OXYGEN-ISOTOPE CONSTRAINTS ON SERPENTINIZATION PROCESSES IN ULTRAMAFIC ROCKS FROM THE MID-ATLANTIC RIDGE (23°N)

Pierre Agrinier and Mathilde Cannat

ABSTRACT

Extensively serpentinized peridotites, drilled at the Mid-Atlantic Ridge south of the Kane Fracture Zone (Ocean Drilling Program Holes 920B, 920D, and 670A), have been analyzed for the 18O/16O ratios of their serpentine and magnetite to derive temperature and water: rock ratio information about the hydrothermal process that produced their serpentinization.

These peridotites have low delta18O values (3.7‰–2.6‰), and show low 18O/16O fractionation factors between coexisting serpentine and magnetite; D(serpentine-magnetite) values are between 5.1‰ and 3.8‰. By applying the serpentine-magnetite geothermometer of Wenner and Taylor (1971) as revised by Früh-Green et al. (1996), we calculate serpentinization temperatures ranging between 430° and 590°C. However, a sensitivity analysis shows that large errors affect these temperatures (about ±100°C). Nevertheless, we think we can determine that the serpentinization occurred at temperatures higher than 350°C.
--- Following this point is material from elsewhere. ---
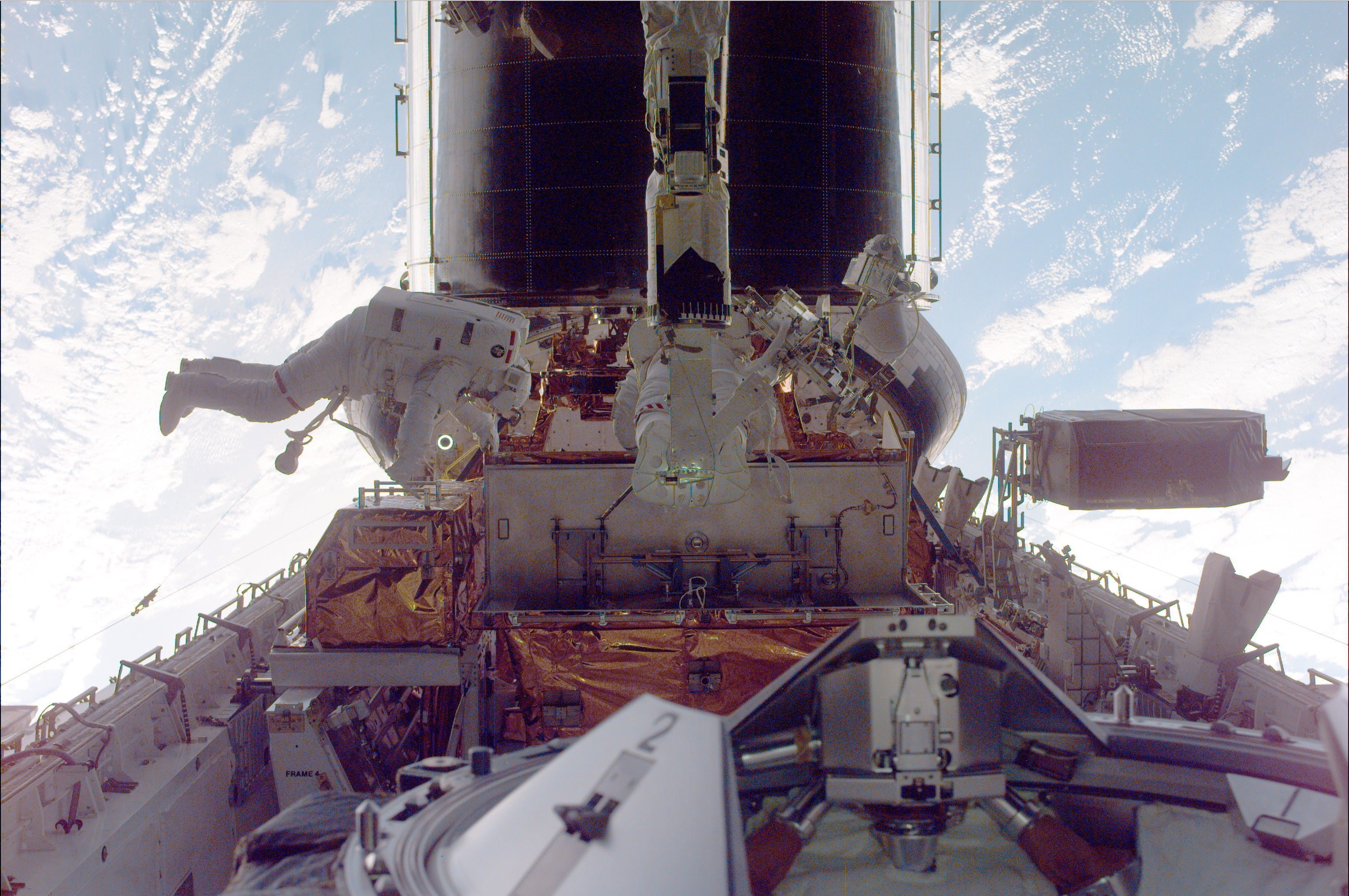 Earth fills the background behind Hubble in its position in the space shuttle's cargo bay. Two astronauts work in the cargo bay, one partially obscured by the shuttle's robotic arm.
Using the mass-balance equation developed by Taylor (1977), and assuming that seawater (delta18O = 0‰) or 18O hydrothermally enriched seawater (delta18O = +2.4‰) is the serpentinizing fluid, we can determine that the water:rock ratios (in oxygen atom proportions) were, at 400°C, around 0.55 ± 0.1 and 1.05 ± 0.2, respectively, and at 500°C, 0.4 ± 0.1 and 0.8 ± 0.1, respectively.

The relatively high serpentinization temperatures derived from this study imply that serpentinization has occurred at significant depth in the axial lithosphere. This has potentially important consequences, which we discuss, on the amount of tectonic rotation during the uplift of the ultramafic rocks to the seafloor, on the orientation of principal stresses at depth beneath the axial valley, and on the seismic velocity and density structure of the oceanic lithosphere.

All types of serpentine (meshwork and vein) from Site 920 appear to have formed at these relatively high temperatures. However, previous oxygen-isotope studies (Komor et al., 1990; Hébert et al., 1990) of cores from Site 670 reported ultramafic rocks that were serpentinized at lower temperature (<200°C). This indicates that the ultramafic component of the axial lithosphere in the area did not become entirely serpentinized at depths corresponding to rock temperatures of at least 350°C.